Ambiguous & UnAmbiguous timeout errors

I’m seeing a lot of AmbiguousTimeoutException and UnAmbiguousTimeoutException errors in the past couple of weeks. This wasn’t an issue earlier, and we haven’t introduced any major load recently. Let me break it down:

  1. AmbiguousTimeoutException with KeyValueErrorContext
  2. AmbiguousTimeoutException with SubdocumentErrorContext
    3.Reason:* key_value_sync_write_in_progress
  • We observed this while performing many mutations in quick succession (with SD). To mitigate, we added a 100ms sleep between mutations, which reduced—but didn’t eliminate—the errors.
  1. UnAmbiguousTimeoutException with KeyValueErrorContext

An example error would be like

UnAmbiguousTimeoutException(<ec=14, category=couchbase.common, message=unambiguous_timeout (14), context=KeyValueErrorContext:{‘retry_attempts’: 0, ‘key’: ‘85dc77f0-ccc4-4a6a-94ff-51770258cdde’, ‘bucket_name’: ‘xxx’, ‘scope_name’: ‘xxx’, ‘collection_name’: ‘eventlist’, ‘opaque’: 405}, C Source=/couchbase-python-client/src/kv_ops.cxx:218>)

Cluster setup:
Couchbase 7.6.1 EE with 3 Data nodes, 2 nodes with query & eventing, 1 Index node
SDK: 4.3.5 on Python 3.12

async def __new_cnx_cluster():
    global __CBS_CLUSTER

    cluster = __CBS_CLUSTER
    cnx_str = config.dbcnx

    if cluster:
        return cluster

    print(f"Connect to ({cnx_str}) with {config.dbuid} creds.", flush=True)

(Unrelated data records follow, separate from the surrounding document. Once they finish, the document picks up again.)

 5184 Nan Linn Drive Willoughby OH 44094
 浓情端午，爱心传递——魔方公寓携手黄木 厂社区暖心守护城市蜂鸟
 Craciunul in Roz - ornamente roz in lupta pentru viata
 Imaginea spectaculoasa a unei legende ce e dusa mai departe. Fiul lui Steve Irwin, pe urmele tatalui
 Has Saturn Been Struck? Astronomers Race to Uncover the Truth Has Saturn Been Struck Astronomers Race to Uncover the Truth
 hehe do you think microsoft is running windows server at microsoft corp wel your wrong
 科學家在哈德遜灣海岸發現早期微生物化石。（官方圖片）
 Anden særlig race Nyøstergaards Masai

    _authenticator = PasswordAuthenticator(config.dbuid, config.dbpwd)
    _timeout_options = ClusterTimeoutOptions(
        query_timeout=timedelta(seconds=36),
        kv_timeout=timedelta(seconds=60),
        views_timeout=timedelta(seconds=36),
    )

    try:
        cluster = await AsyncCluster.connect(
            cnx_str,
            options=ClusterOptions(
                authenticator=_authenticator,
                timeout_options=_timeout_options
            ),
            authenticator=_authenticator,
        )
        await cluster.on_connect()
    except Exception as e:
        print("excCBSClusterCNX", e)
        print("Sentry Logger", e)

    __CBS_CLUSTER = cluster
  1. Why is it required to pass the authenticator both to ClusterOptions and also separately to connect()? If I remove it from one, I get an error.
  2. It feels like the timeout settings aren’t always being respected. Could something be overriding them?
  3. I noticed BestEffortRetryStrategy is available for Java SDK—do we have an equivalent or similar strategy available in the Python SDK?
  4. Are there any suggestions to completely eliminate these timeout issues? As mentioned, this setup was stable until a couple of weeks ago.

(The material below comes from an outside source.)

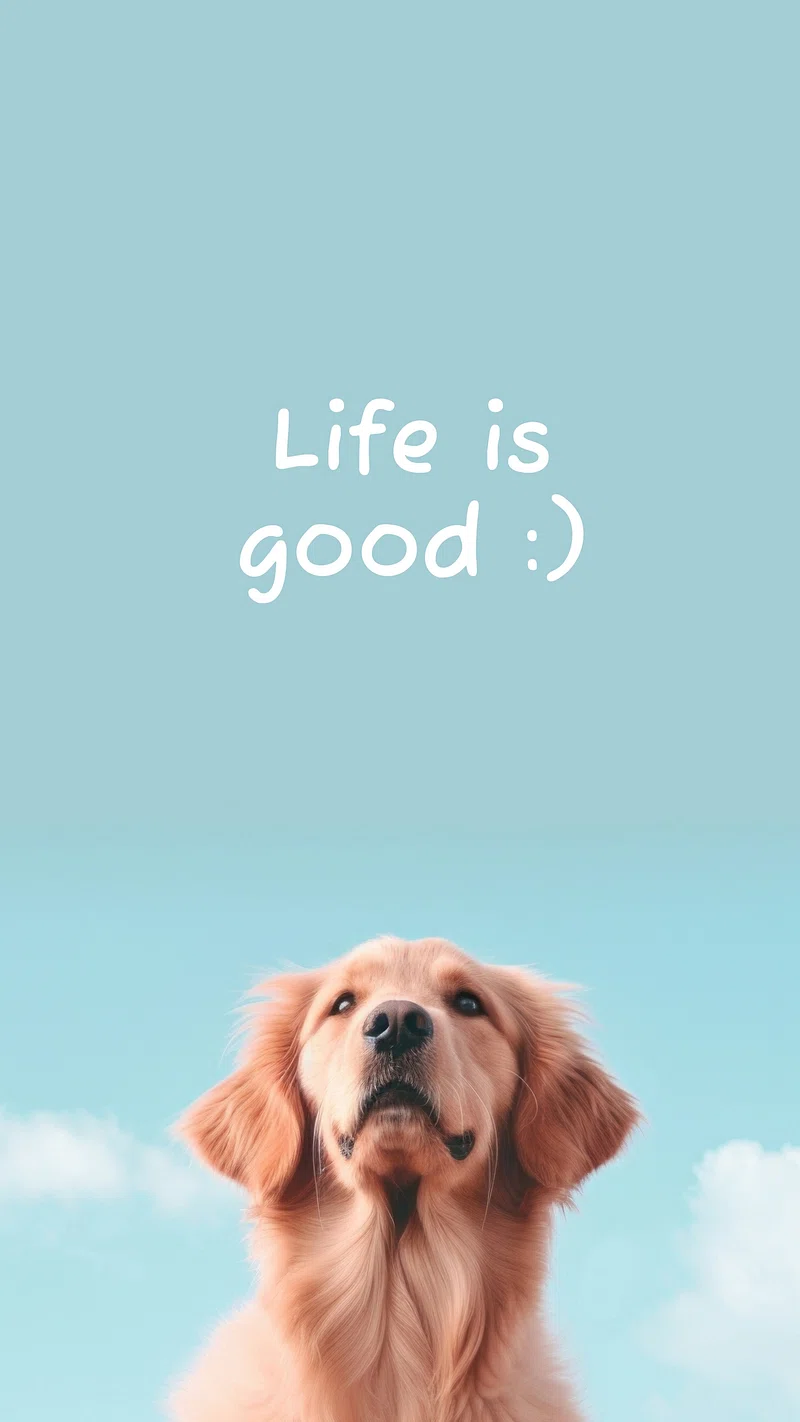 Golden Retriever Wallpaper Image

We observed this while performing many mutations in quick succession

You might want to slow down. The SDK has to hold all the requests from the time they are requested until there is a response (or timeout). If you are performing say… 100,000 requests per second, and your timeout is 36 seconds (that’s really long btw). Then the SDK will have to hold up to 3.6 million requests. If each requests is to insert a 10k document, that’s 36GB of requests. You might want to keep a counter (or counting semaphore) of in-flight request - increment it when a request is submitted and decrement it when the request completes (or times-out). And not exceed a “reasonable” number (100? 500?). Think of it as 100 requests completed 100% is more “progress” than 10,000 requests that are 1% complete.

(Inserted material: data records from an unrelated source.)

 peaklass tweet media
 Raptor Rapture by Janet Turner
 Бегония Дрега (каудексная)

  1. It should only be necessary to pass the authenticator in options. See Start Using the Python SDK | Couchbase Docs
    If you show the logging and errors, I might be able to figure out what is going on in your case.

  2. There are lots of different timeouts. Your code query_timeout, kv_timeout and view_timeout. There is also a timeout for making connections. There is a tiny bit of fudging (100ms?) in the timeouts to ensure that if a timeout could be enforced on both the server and the client, that. the timeout on the server expires first as that allows the server to clean up nicely. If you are having doubts about connectivity, it’s useful to add a cluster.wait_until_ready(timedelta(seconds=10)) between the connect() and using the connections.

  1. If I’m not mistaken, the default behavior of the python SDK (which relies on the C++ SDK) is the equivalent of BestEffort (i.e. if the operation is retryable, and the failure is retryable, the SDK will retry until the timeout is reached).

  2. Making the connection and using the connection are decoupled and asynchronous. Because of (3), any failure can result in a timeout. The timeout from the operation just means “I tried and tried and tried to do the operation, but the timeout expired without success”. (Unambiguous means that it is safe to retry the operation, Ambiguous means that perhaps the operation did get applied on the server, and that retrying may result in it being applied a second time). Sometimes there is a “cause” along with the timeout exception. Otherwise it’s necessary look at the logging of what happened leading up to the timeout. There is information here Logging | Couchbase Docs regarding how to get more logging.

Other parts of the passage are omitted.